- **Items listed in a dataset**
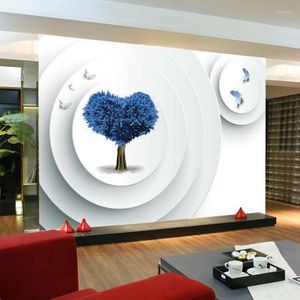 Carte da parati Carta da parati non tessuta personalizzata Sfondo Murales 3d Camera da letto Soggiorno Ingresso Riduzione Prospettiva Albero blu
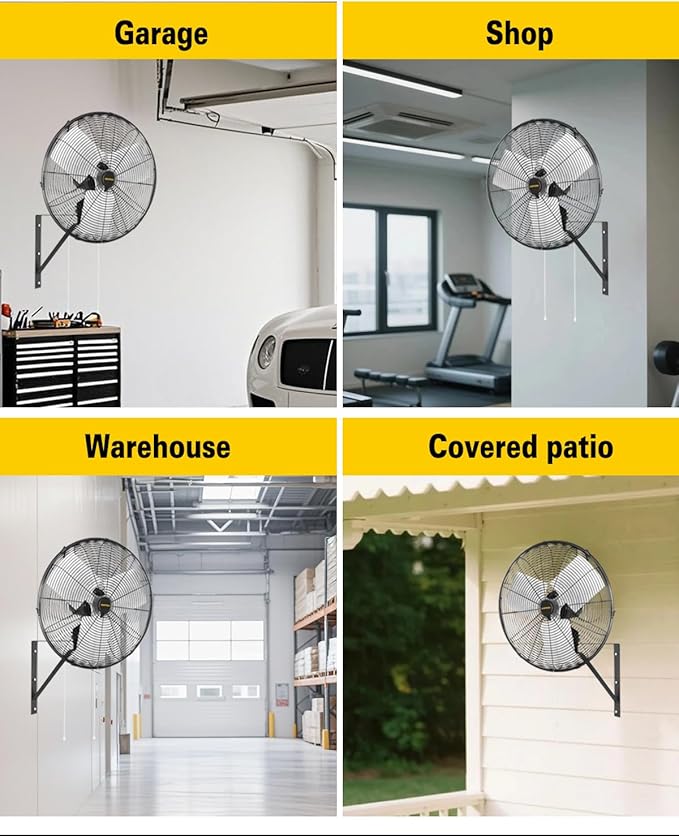 VENTISOL 20 Inch Wall Mount Fan Oscillating, 5500 CFM High Velocity Industrial Fans with 3 Speeds for Garage, Shop, Warehouse, Workshops, Cover Patio, ETL Listed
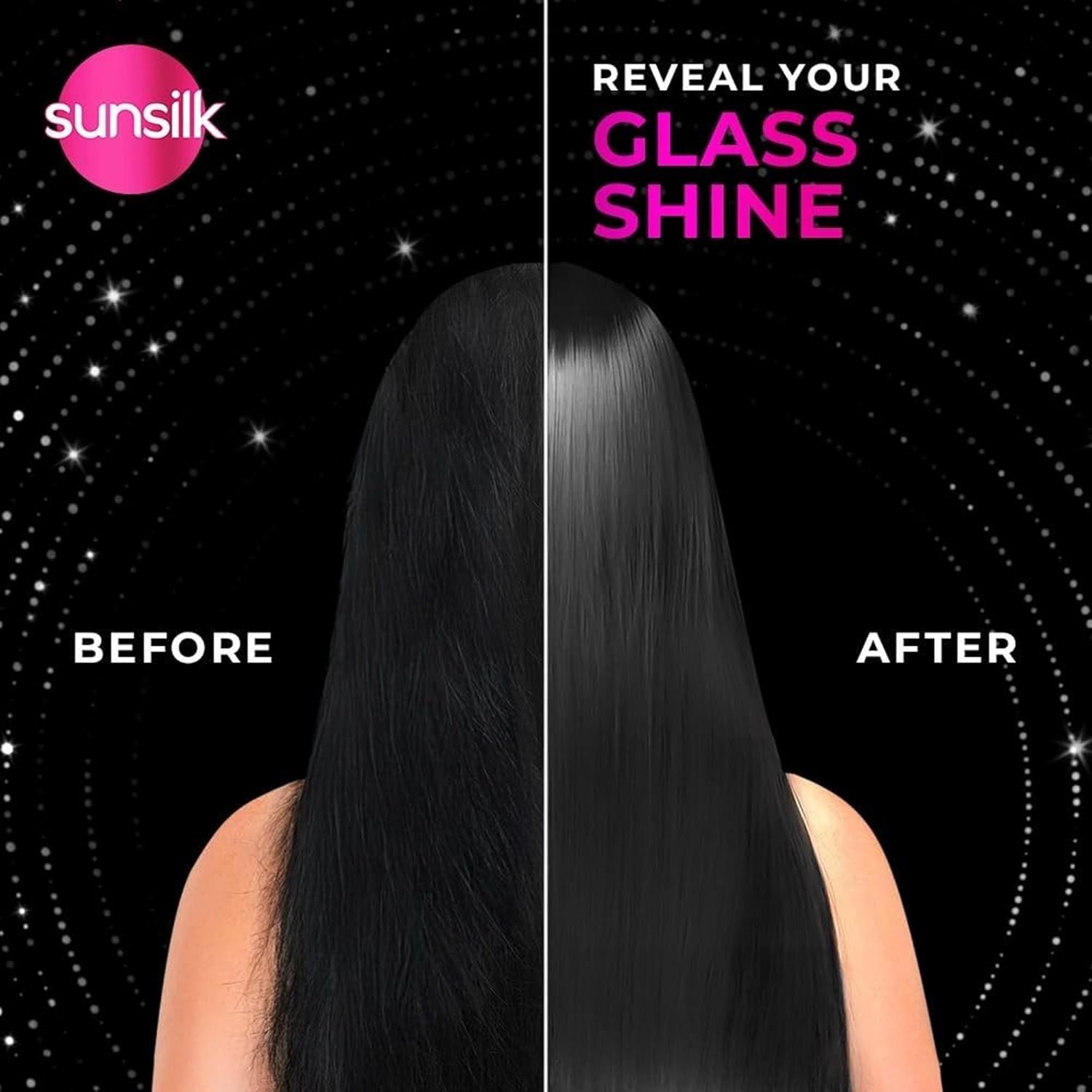 Sunsilk Stunning Black Shine Shampoo, With Amla Pearl Extract, Makes Hair looking Fuller, Moisturised and Shiny, 180 ml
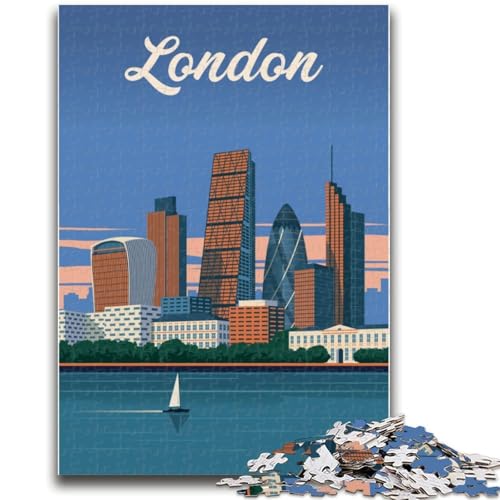 1000-teiliges Puzzle für Erwachsene und Jugendliche London City Travel Stressabbau Schwierige Herausforderung Fördert die Liebe zwischen Paaren (Größe 38x26cm) von NCVAZHASO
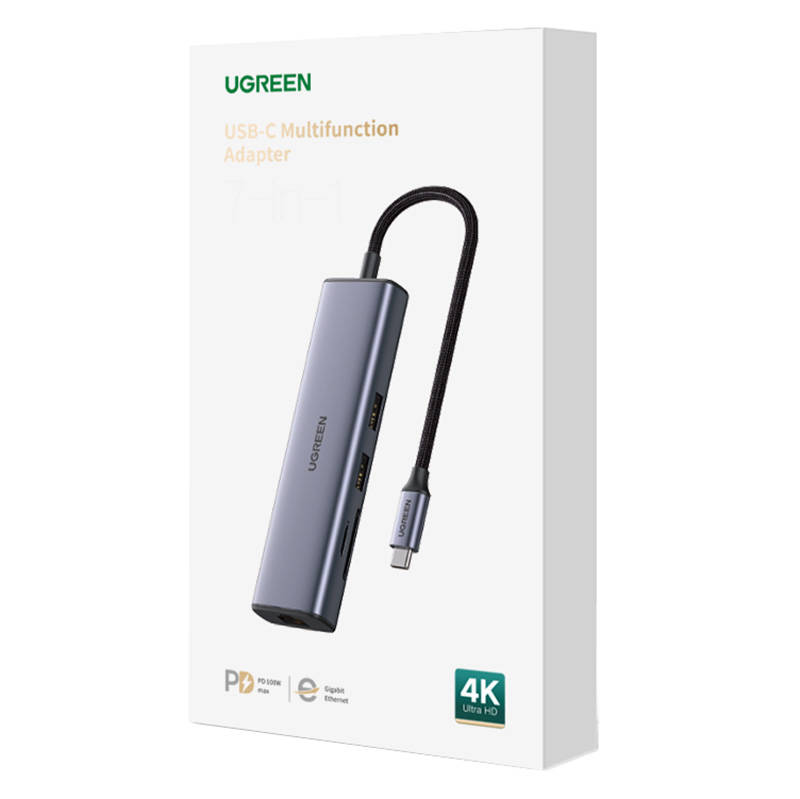 Adapter Hub UGREEN, USB-C na 2x USB 3.0, HDMI, RJ45, SD/TF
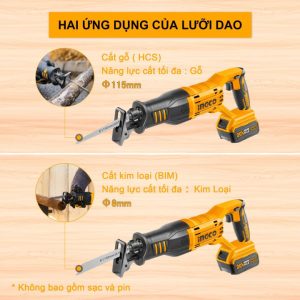 Thân máy cưa kiếm dùng pin INGCO CRSLI1151 20V - Đồ nghề, dụng cụ cầm tay, máy móc thiết bị INGCO chính hãng, giá tốt - góc n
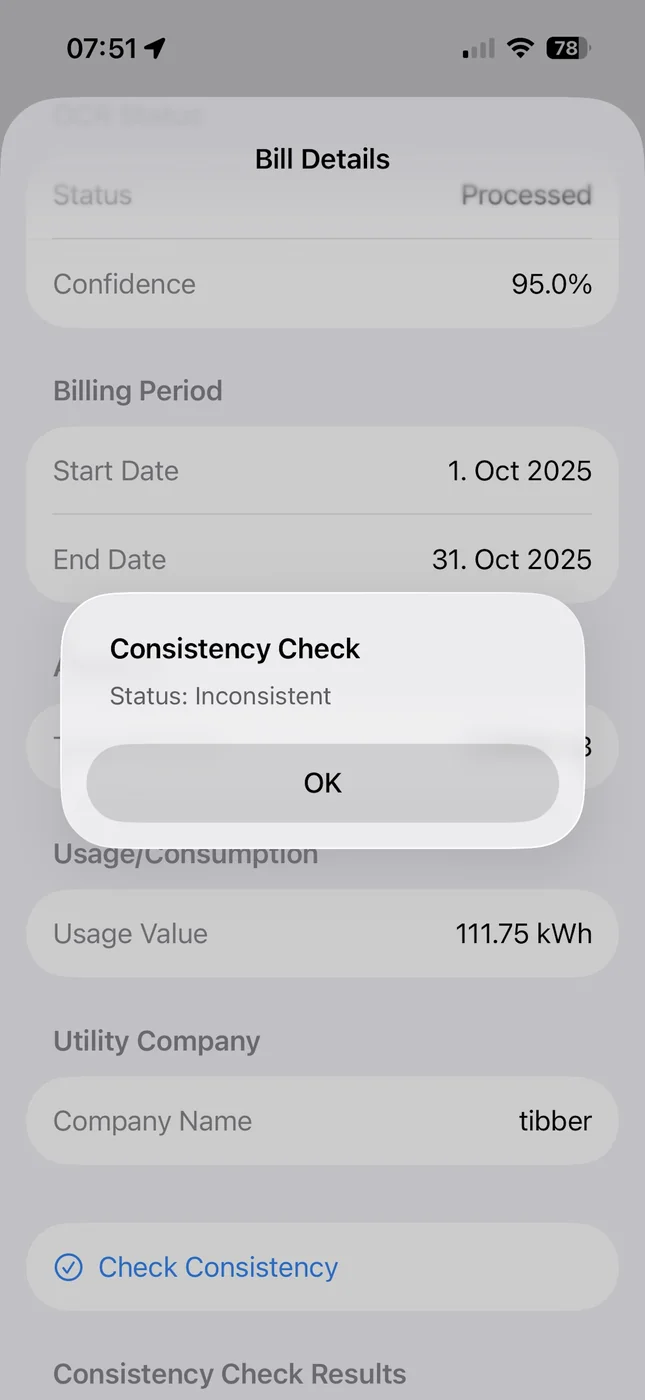UtilityControl mobile bill details screen showing a Consistency Check alert with status Inconsistent for an October 2025 billing period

- **Task brief**
Every record above should be set down exactly, with the pictures left out.

- **Answer section**
 Carte da parati Carta da parati non tessuta personalizzata Sfondo Murales 3d Camera da letto Soggiorno Ingresso Riduzione Prospettiva Albero blu
 VENTISOL 20 Inch Wall Mount Fan Oscillating, 5500 CFM High Velocity Industrial Fans with 3 Speeds for Garage, Shop, Warehouse, Workshops, Cover Patio, ETL Listed
 Sunsilk Stunning Black Shine Shampoo, With Amla Pearl Extract, Makes Hair looking Fuller, Moisturised and Shiny, 180 ml
 1000-teiliges Puzzle für Erwachsene und Jugendliche London City Travel Stressabbau Schwierige Herausforderung Fördert die Liebe zwischen Paaren (Größe 38x26cm) von NCVAZHASO
 Adapter Hub UGREEN, USB-C na 2x USB 3.0, HDMI, RJ45, SD/TF
 Thân máy cưa kiếm dùng pin INGCO CRSLI1151 20V - Đồ nghề, dụng cụ cầm tay, máy móc thiết bị INGCO chính hãng, giá tốt - góc n
UtilityControl mobile bill details screen showing a Consistency Check alert with status Inconsistent for an October 2025 billing period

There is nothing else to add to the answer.